Interrogado
Carlos DK
El sonido de los pasos sobre la piedra fría, se mezclaba con las gotas que se filtraban desde el techo contra el suelo. Abrió la puerta. El olor a carne chamuscada se mezcló con el de la madera podrida de las puertas que llevaban años intentando contener los gritos de dolor que tras ellas se sucedían. Al entrar, el verdugo retiró las pinzas aún incandescentes y la carne dejó de crepitar. Aún no se acostumbraba a ese olor que le revolvía el estómago, pero no había otra manera. Su deber era el de salvar las almas de aquellos que sabidos inocentes, se dejaron engañar por el diablo, aunque para ello tuviera que sacrificar el cuerpo y así glorificar su alma.
Hizo una señal para que le echaran agua al pobre infeliz. Apenas le hizo efecto, eran ya varios días de tortura y apenas si habían conseguido su nombre. Por lo que le habían contado, el mal nacido parecía estar en paz mientras fue llevado a rastras hasta el purgatorio. Aguantar más de tres días de torturas, deja más que claro que la acusación de tratar con el diablo era bastante probable, pero su deber no era pensar en lo que es bastante probable, su deber es conseguir salvar su alma y limpiar de impíos para la Santa Providencia. Por eso estaba allí, por eso lo habían llamado a él.
Se acercó a Marco que temblaba de forma espasmódica y arritmica, solo quería ver si podría aguantar algunas horas más o debía de cambiar el modo de realizar su santo trabajo.
Lo observó pensativo, dejó unos segundos para que el hereje se recuperara y volviera a tomar conciencia de la situación. Aunque para alguien poco curtido en estas artes le podría parecer que caería pronto, sabía que sin hacer nada más y manteniéndolo con agua, aún podría vivir algunos días más. En el caso de forzar el interrogatorio, no viviría otro día completo. La sangre tiene un límite en el cuerpo y su piel ya estaba bastante pálida.

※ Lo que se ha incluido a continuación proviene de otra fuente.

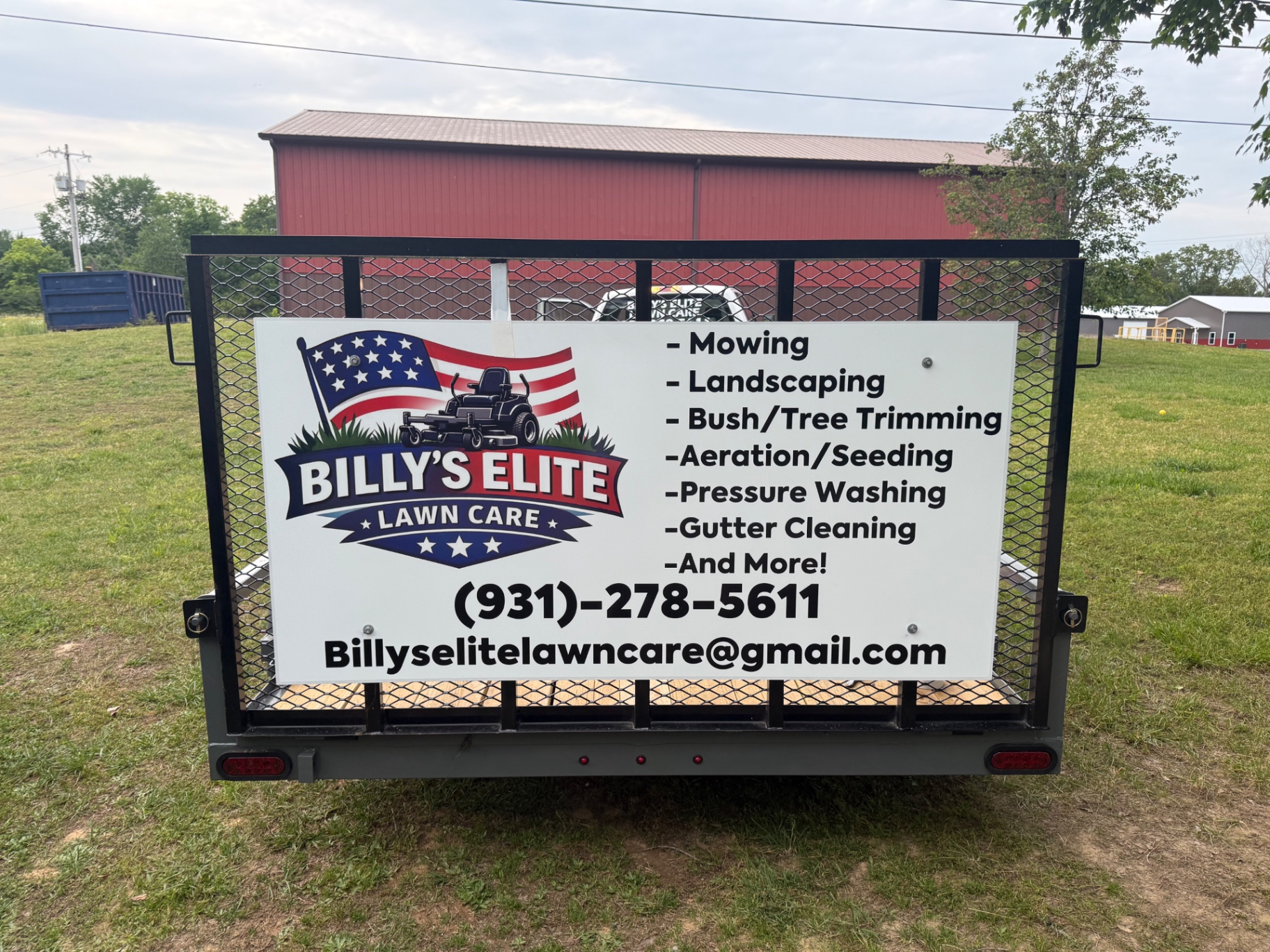 Billy's Elite Lawn Care trailer with services list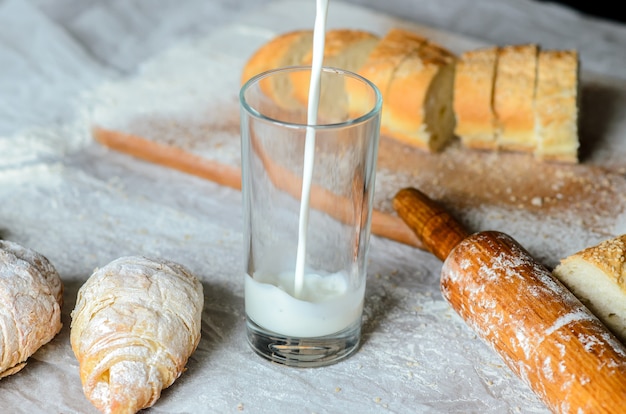Milk is poured into a glass, bread, croissants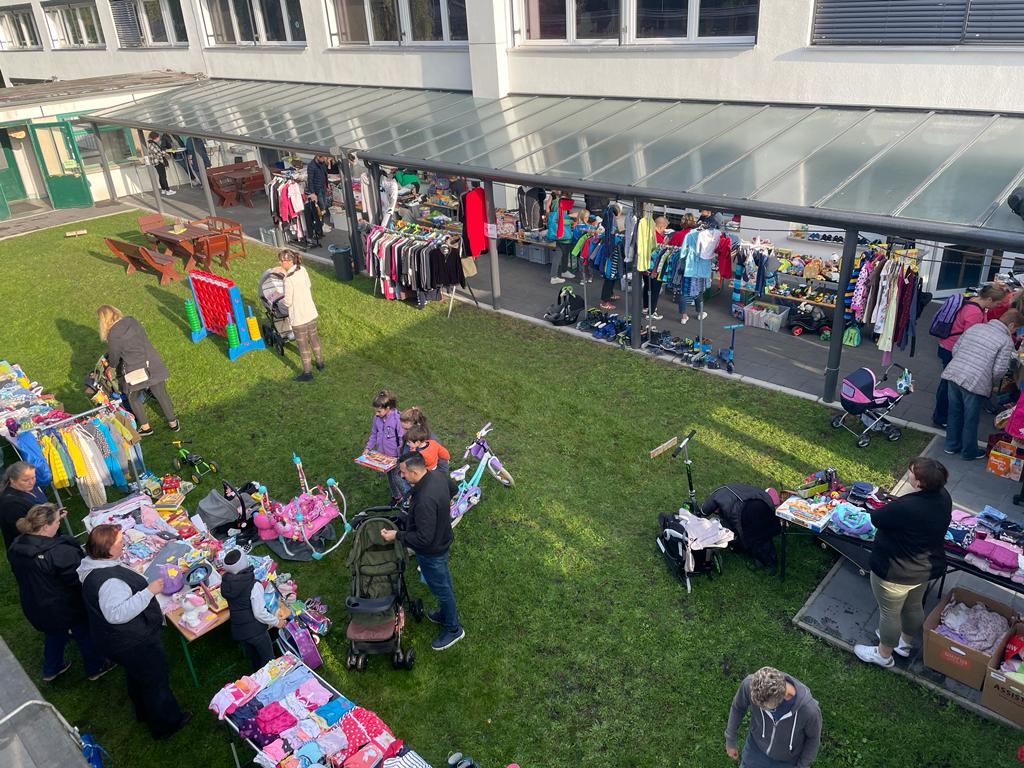 Bildausschnitt eines Flohmarkts, auf dem Menschen an Ständen Kleidung und Spielzeug verkaufen und kaufen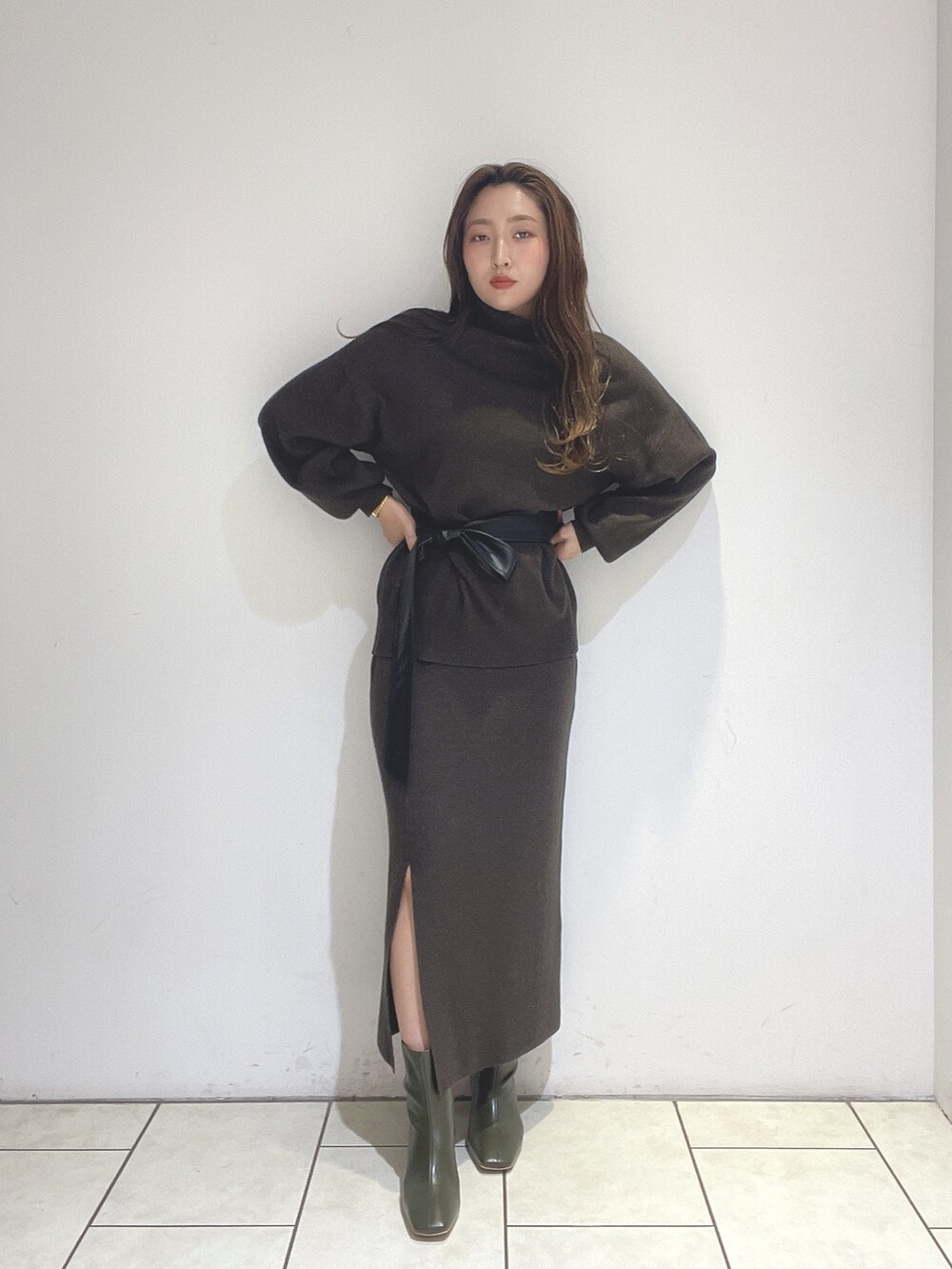 ブラウン系のニット/セーター、ブラウン系のスカート、グリーン系のブーツを着用したレディースの冬コーディネートの8枚目の写真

Salió de sus divagaciones para centrarse en lo que había ido a hacer. Debía de recuperar un libro prohibido, un libro escrito en lengua vulgar y no en latín. Un libro, que al parecer había sido copiado por el reo y no solo estaba él involucrado, alguien debió de hacerle el encargo.
—Buenas tardes hermano, soy Piero Albino. Me han enviado para poder ayudarle a terminar con este sufrimiento y salvar su alma.
El reo callaba y Piero apremió al verdugo para que le sujetara la cabeza para que lo mirara de frente, para que pudiera ver la Santa Cruz en el pecho, la cruz del redentor, el que le ayudaba en su tarea para limpiar de impuros la tierra.
—Un libro que no ha de ser leído, aún menos debe de ser copiado. —continuó Piero— Cualquier libro que pertenezca a la lista de los libros vetados por el Santo Oficio debe de ser eliminado inmediatamente. Sin embargo, hermano, parece que aún dedicando más de media vida a nuestro Señor y ser uno de los mejores escribanos de tu abadía, no solo te han acusado de guardar una obra del diablo, sino que te dedicaste a reproducirlo. ¿Tienes algo que decir frente a esta acusación?
El impuro intentó abrir los ojos, no le resultó fácil, uno de ellos lo tenía hinchado por los múltiples golpes y a duras penas si veía algo a través de él, al otro, se le había formado tal costra de pus y sangre seca que le resultaba imposible abrirlo. Piero se acercó un poco más.
—Dime un nombre ¿Quién te lo hizo llegar?— Continuó Piero con cierto tono paternal.
El reo parecía buscar su voz desde su garganta dolorida, entre sus dientes partidos, entre sus labios hinchados.
—¿Intentas decirme algo, hermano?— Insistió Piero acercando su oído a los labios del infeliz.
En ese momento, como si Marco lo hubiera estado esperando todo este tiempo, con la boca llena de la inmundicia de días, escupió a Piero en la cara y un momento antes de fundirse con Dios consiguió susurrar:
—Perdónalos Señor, por que no saben lo que hacen.